An official at the audit service confirmed to the Financial Mirror that the body will review the deal to confirm whether it violates EU directives on state aid.
“As soon as we saw the Transport Ministry’s announcement on the deal, we prepared a letter to the ministry requesting further details and their thinking behind the decision.
“The same letter has also been sent to the State Aid Commissioner,” the official said.
The official said at first glance there is reason to believe the deal breaks EU law, and the Audit Office will study the paperwork.
The government said it was willing to take over the remaining €5 mln of a €27 mln loan, taken out by handling companies in 2008 with state guarantees to compensate dockers who pushed the exit button after being offered an early retirement package.
Asked if the guarantees for the €27 mln loan in 2008 constitute state aid, the officer said that is one of the issues they will be looking at.
The Audit Office move comes after the government boasted it succeeded in overcoming the controversial issue of a hefty 16% hike in port tariffs announced by the three concessionaires at Limassol.
Critics said the huge rise would make imports more expensive and trigger higher inflation, already nearing 7%.
But Transport Ministry believes they have done a good deal.
“We have avoided the hefty spike in tariffs and got rid of an old burden hanging over the heads of port handling companies, which was pushing up tariffs for more than a decade,” said a Transport Ministry senior official.
The ministry announced it reached an agreement with the companies running Limassol port to significantly reduce their freight and handling fees from what was originally intended.
Charges will now be increasing by 5.87% on average for the Container Terminal and by approximately 9.8% for the Trade Terminal, instead of the 16.62% announced.

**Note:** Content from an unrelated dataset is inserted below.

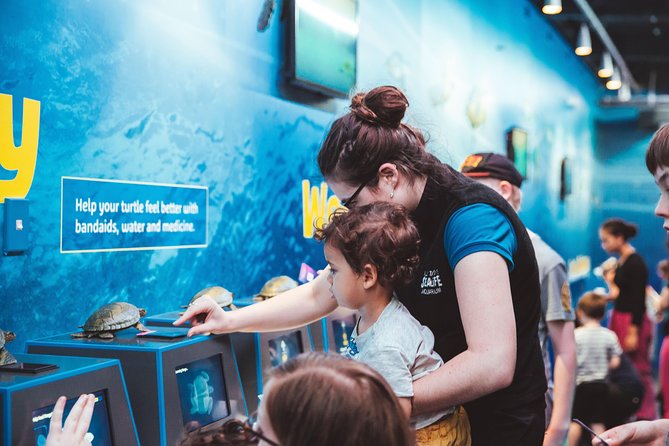 SEA LIFE Kelly Tarlton's General Admission - Why the Aquarium Works Well With Children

A Transport Ministry official confirmed the loan had been taken with the government’s backing, which provided state guarantees.

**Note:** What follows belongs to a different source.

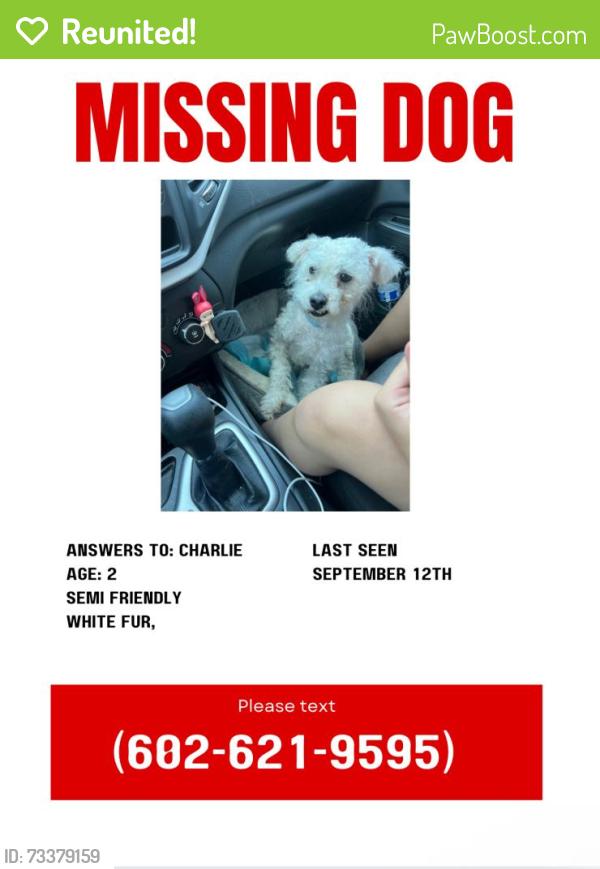Reunited Male Dog last seen Near N 88th Dr, Phoenix, AZ 85037, USA, Phoenix, AZ 85037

“The handling companies, in a bid to reduce operating costs and restructure their operation, had offered dockers to leave their jobs in exchange for compensations.

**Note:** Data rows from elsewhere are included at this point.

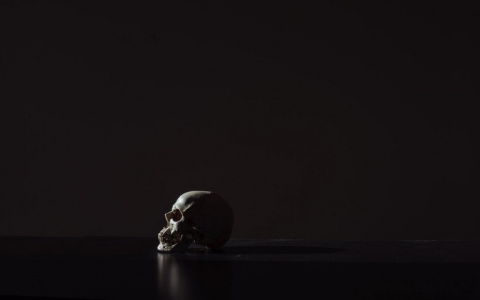 Стало известно, чьи обглоданные кости нашли на берегу реки в Коми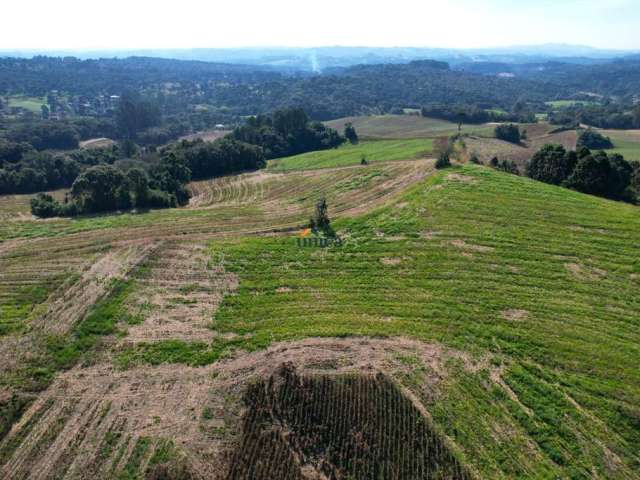 Área 20mil m² - Campo Alegre/SC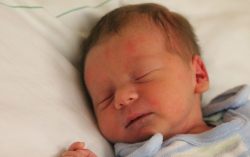 Klemensits Patrik Gábor 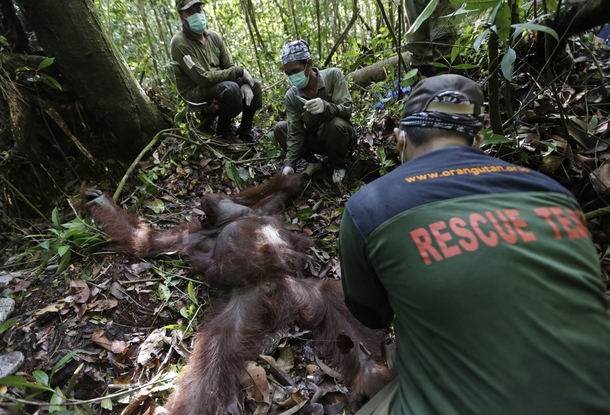 In this Jan   photo conservationists from the Borneo Orangutan Survival Foundation examine a tranquilized orangutan during a rescue and release operation for orangutans trapped in a swath of jungle in Sungai Mangkutub Central Kalimantan Indonesia Photogra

“The whole endeavour meant they needed some €27 mln in cash, which they acquired through a loan with commercial banks,” said the official.
He said the loan was being paid off through increases imposed on freight and handling fees in 2008 by 45%.
Following the privatisation of the port in 2017, the three managing companies oversaw the payment of the loan.
“The loan has been hanging over the handling companies, pushing up fees for almost 15 years now.
“With this settlement, we keep fees from shooting through the sky, pushing already high inflation to new heights.”
Transport Minister Yiannis Karousos said in a statement: “The agreement reached covers all charges affecting the import and export of goods and, consequently, the entire local economy.
“The decision to repay the loan by the state was taken in the context of government efforts to return to traders and, consequently, to consumers, part of the financial benefit of the port’s privatisation”.
Increasing tariffs by 16.62% had the business community up in arms, saying it would cause irreparable damage to the economy, especially exports.
Unions not happy
Docker unions appeared displeased despite authorities presenting the deal as good news for the economy and workers’ pockets.
In comments to the Financial Mirror, union sources said they were disappointed as they found that the government had taken advantage of concessions made by dockers in 2008.
“Back in the days when handling companies wanted to restructure their operations, drastically cutting labour costs, the unions were convinced to go along with plans on the condition that any concessions made would benefit society,” said a union source.
Present at the 2008 negotiations, the source said that almost all Limassol Port dockers had agreed to go with unions agreeing to hefty salary cuts for newcomers.
“Unions at the time agreed to a 70% cut in wages for newcomers, on the condition that savings from the cuts would be reflected in tariffs.
“In turn, this would have led to social benefits from a lowering the overall cost of living as imports would not cost as much,” the union source explained.
Unions were told of the intention to have the loan paid off through an increase in stevedore costs, which they had greenlighted on the condition that once the loan was paid off, society would reap the benefits.
“We see the government is ready to pay off the loan, but instead of seeing reductions in tariffs, there are significant increases.
“We don’t think the government should be celebrating. This deal is not in the interest of the people.”